Strikes and panic... rail, air and Greece
Publicly, turmoil is diluting - but with dilution comes a spread, a deep-seated dismay that has caused unified uproar in the form of rail strikes in the UK and across in Greece.
Electricians at the Rail, Maritime and Transport workers union (RMT) will be striking over a pay dispute over the Christmas period. While the 12-day British Airways (BA) strike has been declared illegal by the High Court, the judge agreeing with BA that Unite had failed to correctly balloted its members, forcing it to cancel the action.
Meanwhile, resistance to Greece's social government and a second creditworthiness-downgrading in two weeks took the form of a protest on the streets. While PM George Panadreou announced spending cuts, panic spread as the workers stood in arms in panic at the country's projected €300bn (£266bn) debt. Deficit-cutting measures were announced as unemployment figures soared and the disquiet became entrenched in public form.

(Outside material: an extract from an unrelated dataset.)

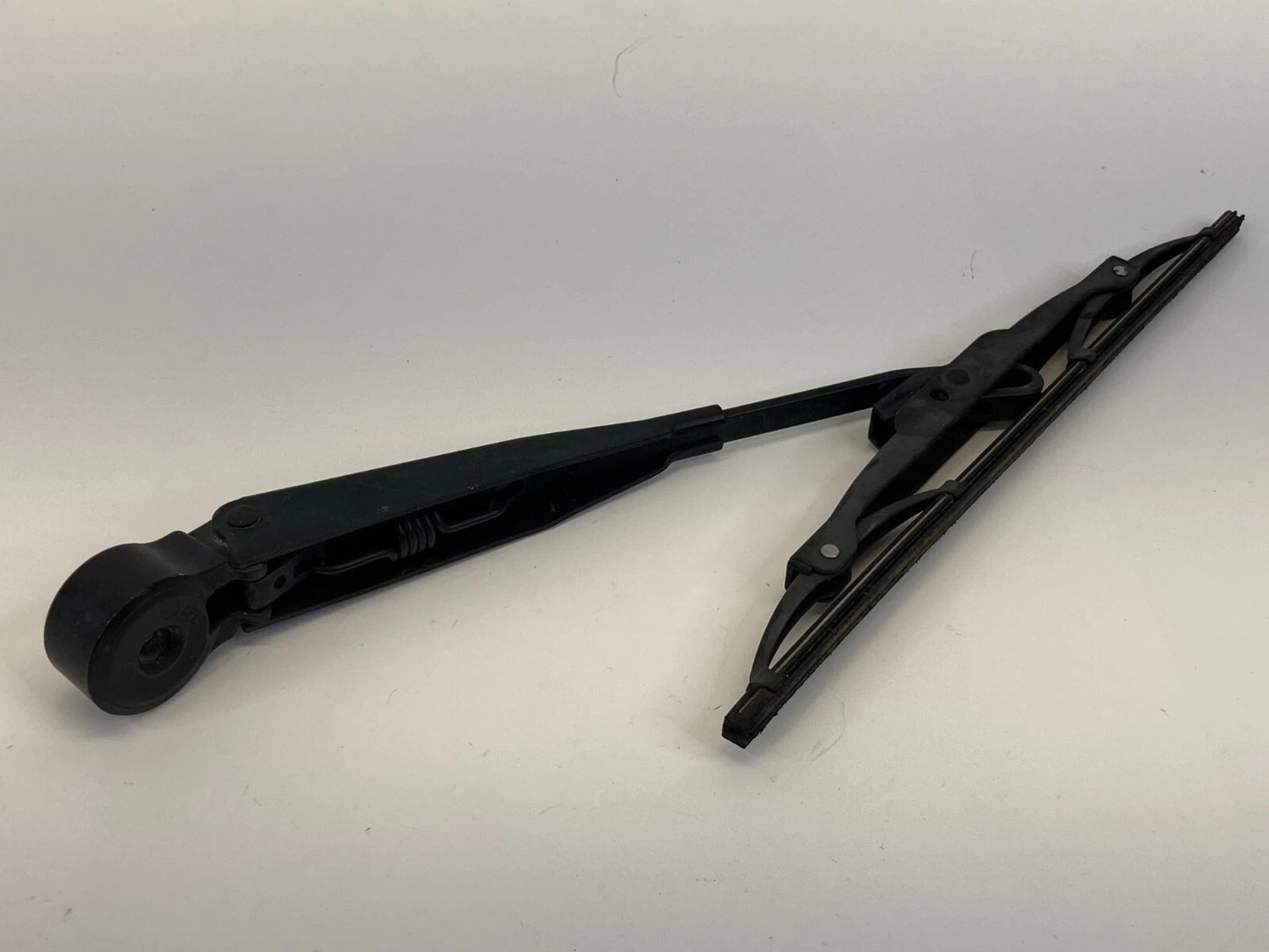 2007-2012 DODGE CALIBER REAR WINDSHIELD WIPER ARM ASSEMBLY BLADE OEM 05303787AD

Looking forward... shifting figures, pre-budget reports and Ryanair
Our own budget deficit here in Britain expanded to a record-high of £20bn for November alone, with a helter-skelter of cuts and shunts; the Office for National Statistics (ONS) reported the public sector net borrowing figure amidst rising spending on welfare in the light of increased unemployment. The knock-on effect of one cost onto another is the crux to why recovery is a process rather than an event, even though borrowing was actually lower than forecast by City economists.

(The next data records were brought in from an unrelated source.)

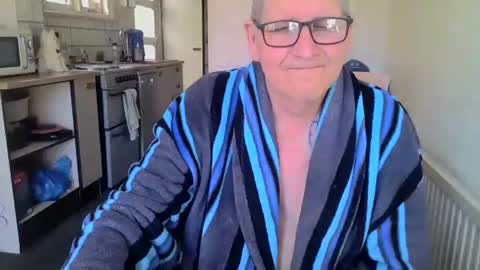 poshman65 online show from March 26, 9:58 am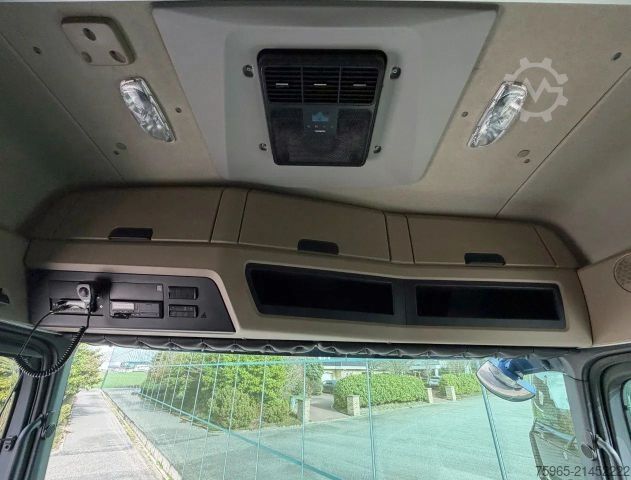 Standard tractor unit MERCEDES-BENZ Actros 963-4-D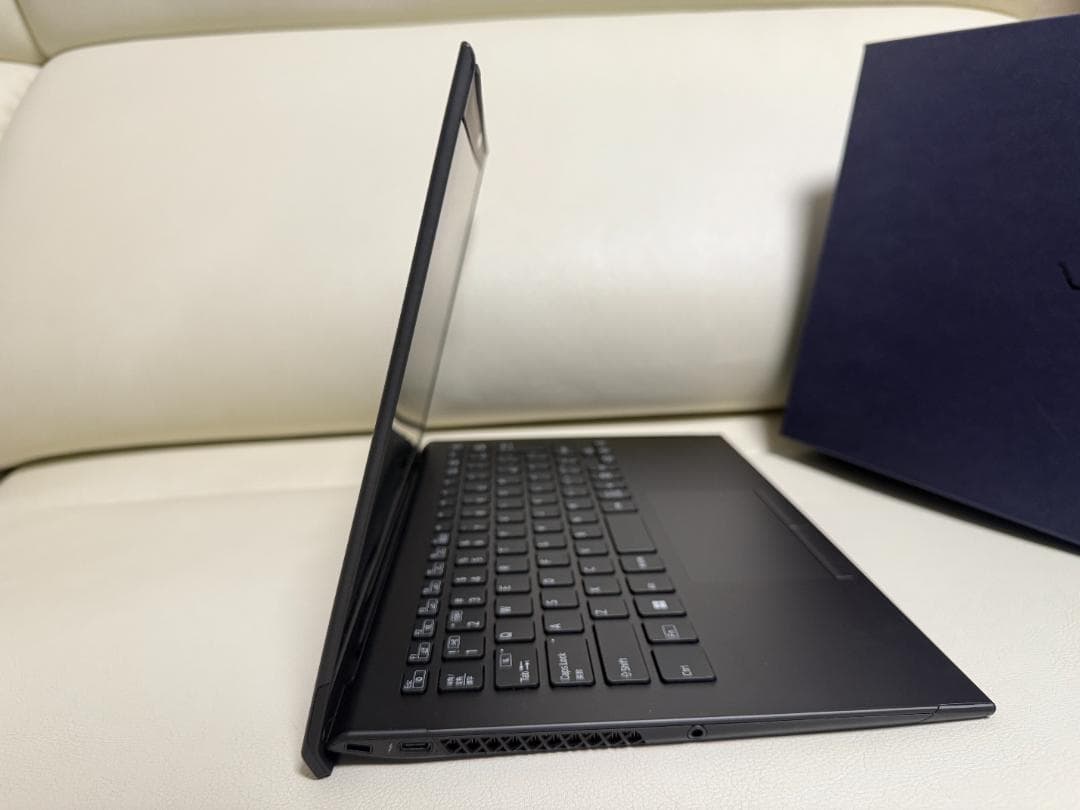 希少！！【VAIO Z VJZ141 2022年】シグネチャーブラック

This comes as the chanecllor set a £178bn target in last week's pre-budget report following the worst month since June. And it's apparently still too early to tell if the Bank of England's £200bn quantitative easing programme has had much effect on money-supply growth. Business investment figures estimated by the ONS are fluctuating between -0.6 and -3 percent, and it seems that no-one can figure out exactly how 2010 is going to pan out.
Caution does seem to be theme of the day though, as Ryanair announced it had pulled out of talks to buy 200 aircraft from Boeing, instead choosing to trim investment and do the sensible thing - free up cash to pay investors and boost its shares. As the low-cost carrier looks forward, it aims to reduce capacity growth and return surplus cash to shareholders.